Incorporating Risk Management into Organizational Decision-Making

Risk culture within an organization is pivotal. A positive risk culture integrates risk analysis in decision-making, aligns it with business goals, and ensures a uniform understanding of risk management across the board. Conversely, a negative risk culture can lead to poor decisions, view risk management as an obstacle, and depend on outdated risk tools, failing to foresee emerging opportunities.

Back to Basics: Establishing a Risk Management Framework

Tom Hughes, head of risk and financial crime at SimplyHealth, emphasizes the importance of starting from scratch in less mature organizations. This involves resetting the risk management framework and transitioning mindsets to actively manage risks. Key strategies include building strong relationships, developing a clear taxonomy of risk, and using risk simulations linked to corporate objectives to dismantle silos and encourage risk-aware thinking.

Claire Hopper, international sales engineer at Riskonnect, underscores the need for a common risk language, essential for gathering comprehensive risk data. This includes educating new employees with a glossary of terms and utilizing collected data to identify emerging risks and assess the cost-effectiveness of control measures.

Financial Incentives and Board Engagement

Alex Sidorenko, head of risk at Serra Verde, points out that financial incentives are crucial for gaining top-level support. Demonstrating how risk management can reduce insurance premiums can be an effective way to secure board buy-in.

Hopper also stresses showing the upside of risk management, highlighting how it can leverage business opportunities. This approach can be more appealing to the board, often preoccupied with financial implications.

Building Stakeholder Relationships

Hughes suggests mapping stakeholders to tailor risk management strategies effectively. Understanding their attitudes, motivations, and technological proficiency helps in fostering better relationships, especially with those initially resistant to change.

Informal Engagement and Organizational Involvement

Sidorenko shares an innovative approach of using casual settings, like pizza nights or table tennis tournaments, to engage department heads in risk discussions. This helps in understanding their risk perceptions in a less formal environment.

Hughes notes the importance of involving every employee in risk management by integrating risk-based objectives in their development plans. This aligns individual responsibilities with the organization’s strategic goals, emphasizing everyone’s role in managing risk.

The Results of a Positive Risk Culture

A well-established risk culture transforms the risk management team into a commercial enabler. It aligns activities with strategic goals and removes obstacles to success. In a robust risk culture, employees proactively seek the risk team’s expertise for risk quantification and analysis before significant decisions.

Hughes recounts how this approach led to the identification of a critical risk in a solar generation subsidiary, which, upon analysis, prompted a legislative change, thereby saving the company from bankruptcy.

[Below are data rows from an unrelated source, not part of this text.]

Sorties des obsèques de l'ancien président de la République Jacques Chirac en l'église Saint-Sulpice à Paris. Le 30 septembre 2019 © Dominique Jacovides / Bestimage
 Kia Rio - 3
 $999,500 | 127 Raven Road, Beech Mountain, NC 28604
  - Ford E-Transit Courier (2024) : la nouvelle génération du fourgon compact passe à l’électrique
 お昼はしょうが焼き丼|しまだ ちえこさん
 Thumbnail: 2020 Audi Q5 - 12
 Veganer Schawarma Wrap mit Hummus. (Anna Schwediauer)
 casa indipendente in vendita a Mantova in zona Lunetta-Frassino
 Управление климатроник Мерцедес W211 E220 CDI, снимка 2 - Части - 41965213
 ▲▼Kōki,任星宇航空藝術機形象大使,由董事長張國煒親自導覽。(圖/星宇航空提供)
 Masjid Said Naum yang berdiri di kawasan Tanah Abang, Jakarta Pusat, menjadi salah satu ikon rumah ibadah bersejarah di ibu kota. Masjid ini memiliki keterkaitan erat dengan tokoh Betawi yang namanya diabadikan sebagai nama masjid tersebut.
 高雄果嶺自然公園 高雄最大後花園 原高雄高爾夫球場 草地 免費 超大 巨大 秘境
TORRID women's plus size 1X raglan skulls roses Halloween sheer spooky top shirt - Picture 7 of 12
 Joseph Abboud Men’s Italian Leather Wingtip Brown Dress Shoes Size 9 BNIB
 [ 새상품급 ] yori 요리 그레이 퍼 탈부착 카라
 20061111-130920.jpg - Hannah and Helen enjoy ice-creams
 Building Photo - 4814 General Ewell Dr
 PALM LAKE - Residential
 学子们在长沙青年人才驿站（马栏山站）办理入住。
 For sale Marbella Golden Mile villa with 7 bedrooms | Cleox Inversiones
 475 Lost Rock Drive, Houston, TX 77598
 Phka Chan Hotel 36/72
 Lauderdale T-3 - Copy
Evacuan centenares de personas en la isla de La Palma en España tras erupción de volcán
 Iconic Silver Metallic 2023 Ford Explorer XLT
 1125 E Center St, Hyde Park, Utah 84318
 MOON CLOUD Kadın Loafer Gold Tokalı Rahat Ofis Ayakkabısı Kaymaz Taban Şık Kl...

Continuous Learning and Adaptation

Hopper concludes by highlighting the importance of continuous training and adaptation in risk management. It’s essential to regularly educate new employees and adapt to changing environmental impacts. Ensuring that everyone understands the organization’s objectives and risk terminology is crucial for effective risk management.

Conclusion

Transforming an organization’s risk culture is a multifaceted process involving redefining the risk management framework, engaging stakeholders at all levels, and continually adapting to new challenges.